I walked into the kitchen that morning, saw that she was up as usual and seemed no more nor less comatose than she had back in December or November or October or September. She was staring at her Cheerios, the spoon limp in her right hand.

"Morning, Bells," I said as I walked to the coffeemaker, which Robot Girl had prepared for me, though she didn't drink coffee herself. She nodded minutely in response to my greeting, as per usual, and then went back to the absorbing task of counting her cereal oh's. "So, I wanted to tell you," I paused while I tried to improvise something that might jolt her out of the cocoon she'd hidden in, "I've been screwing Mrs. Stanley, but I'm getting tired of her whiny attitude. What do you think - maybe make a move on Mrs. Newton?"

Okay, seriously? One, I'd never said "screw" before in my life, except maybe as a tame cussword. Two, Mrs.
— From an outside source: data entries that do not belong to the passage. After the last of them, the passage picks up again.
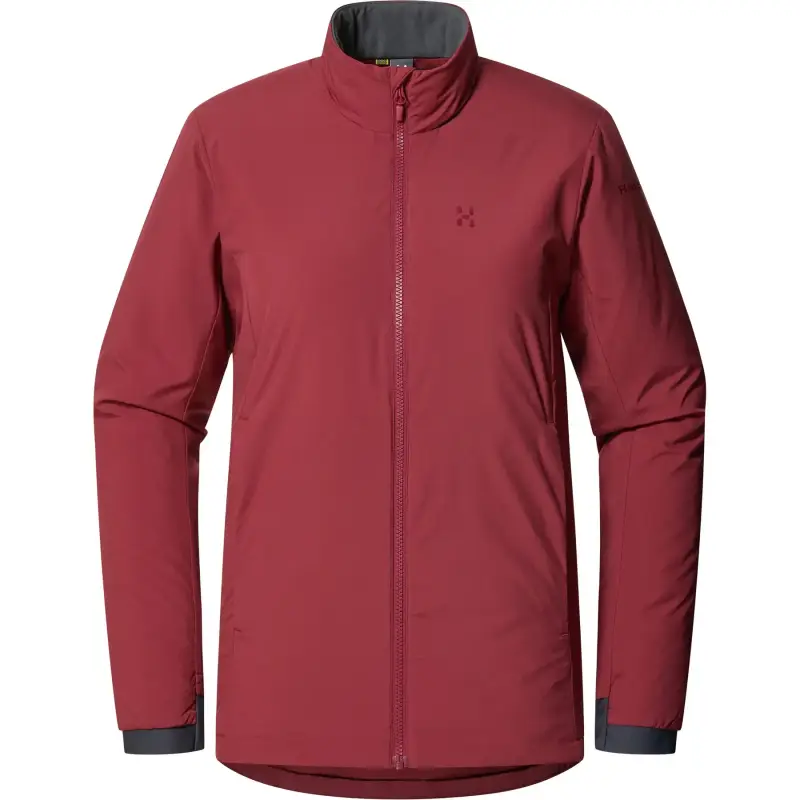 Impermeabile da donna Haglöfs Mimic Alert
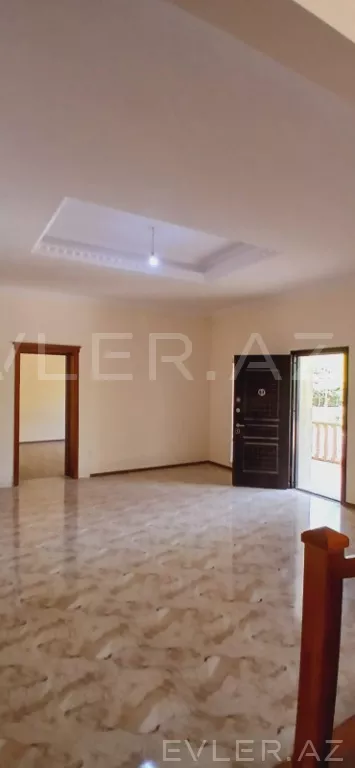 Satılır, həyət evi/villa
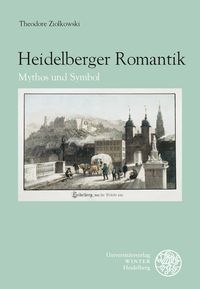 Produktbild: Heidelberger Romantik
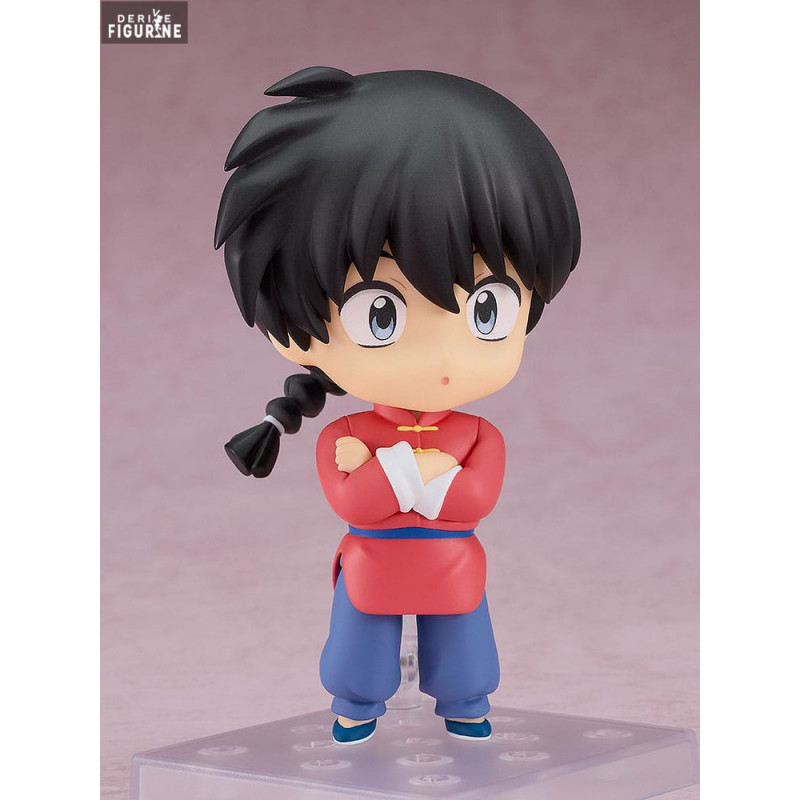Ranma 1/2 - Figurine Ranma...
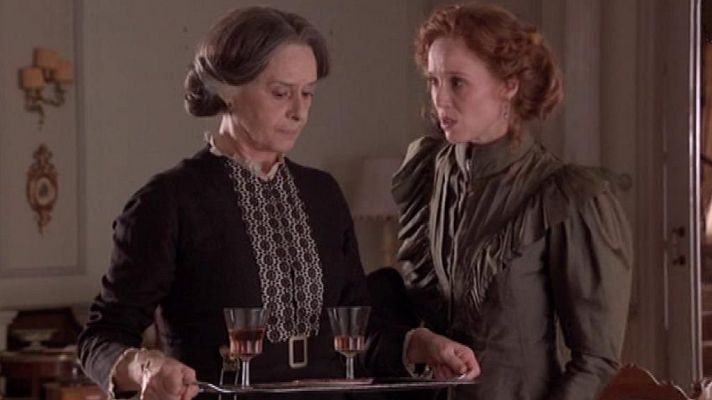 Seis hermanas - Episodio 174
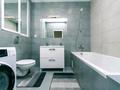 3-комнатная квартира · 100 м² · 8/14 этаж, Сарайшык 7 — Акмешит за 30 000 ₸ в Астане, Есильский р-н — фото 11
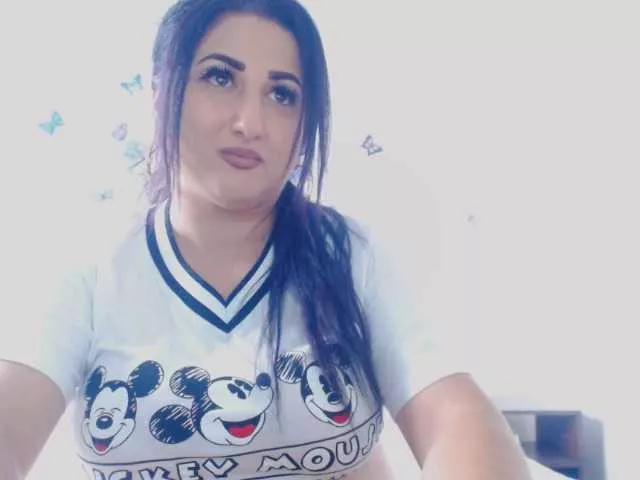 mayarebecca on BongaCams 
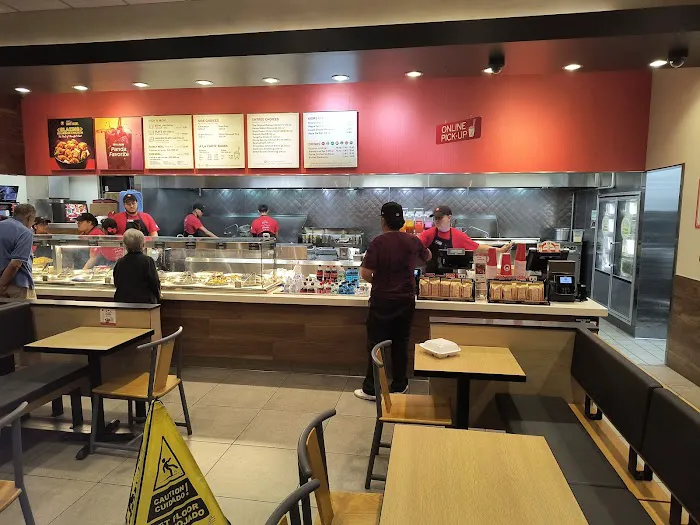 Panda Express 6
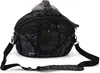 Karlie Shopper De Luxe Nylon, schwarz, Größe: S Produktbild-Vorschau 5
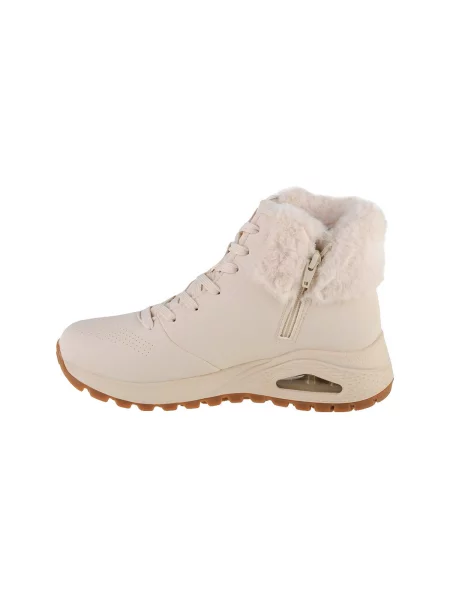 Pantofi Skechers bej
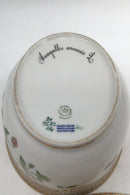 Royal Copenhagen Flora Danica Stor Sukkerskål / Lille Lågterrin No. 20/3582.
Stanley? Mrs. Newton? Just -- no. Three, I'd rather "screw" either of those women than talk to my daughter about sex. And four -- I don't even have a fourth. The first three are enough! Clearly all rationality had left this vicinity if I was going to say dumb-ass things to get a nonexistent reaction from a girl who was so numb that she didn't even notice that her dad was making statements that should have had him committed.

The talking wasn't working. I wasn't working. Maybe Renee could do better. It was obviously time to let her try.

I slammed my fist down on the kitchen table. That sure woke her up.